__Data for this exercise__
⁂
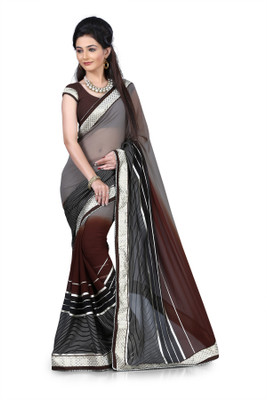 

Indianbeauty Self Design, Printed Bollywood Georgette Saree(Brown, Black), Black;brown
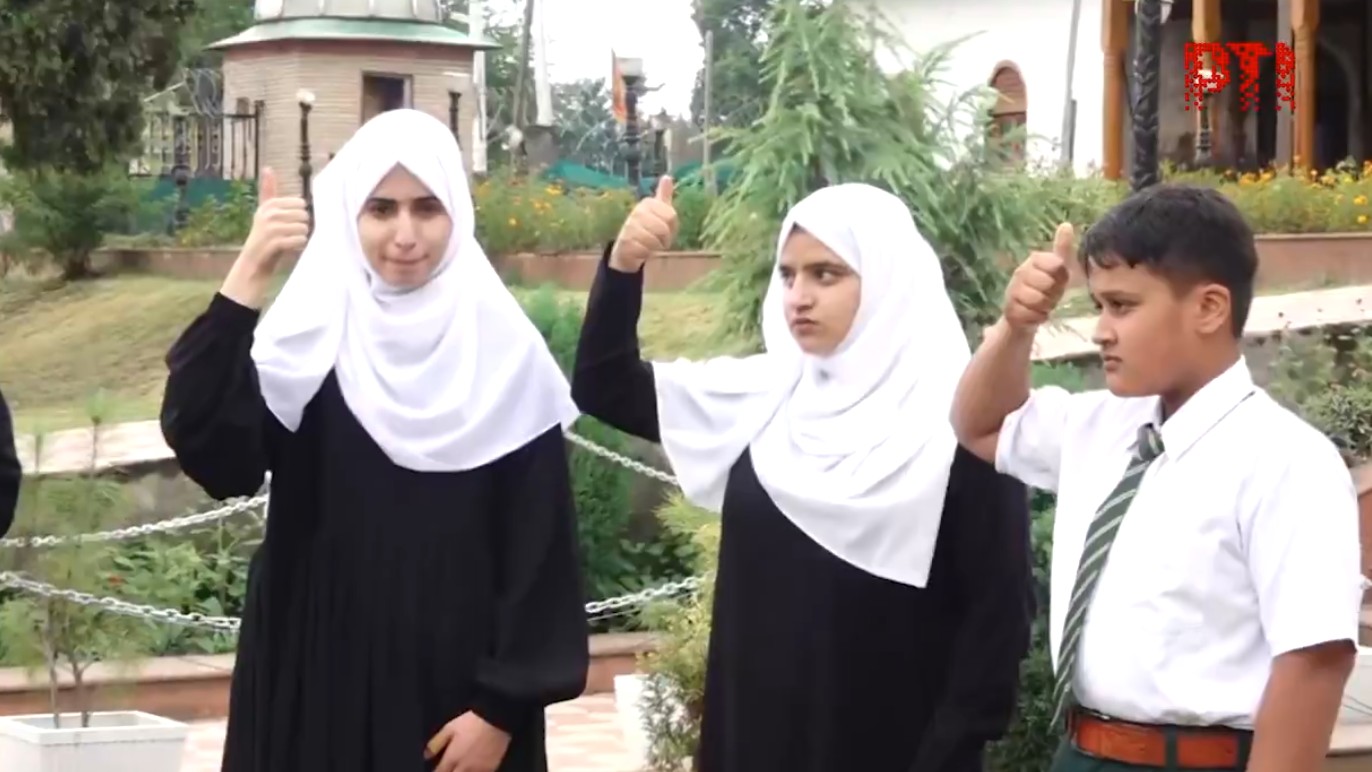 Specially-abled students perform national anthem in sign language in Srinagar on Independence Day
⁂
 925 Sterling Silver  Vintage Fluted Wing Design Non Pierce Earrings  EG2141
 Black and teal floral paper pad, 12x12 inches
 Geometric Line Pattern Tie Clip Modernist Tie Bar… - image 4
⁂
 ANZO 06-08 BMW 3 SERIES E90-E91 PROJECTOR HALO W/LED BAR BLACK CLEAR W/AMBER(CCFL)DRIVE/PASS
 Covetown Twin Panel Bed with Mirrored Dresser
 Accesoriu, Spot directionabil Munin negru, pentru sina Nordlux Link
⁂
__Try it__
Determine the number of lines in the data above that include the word "Design", then answer with that number alone.

__Written response__
2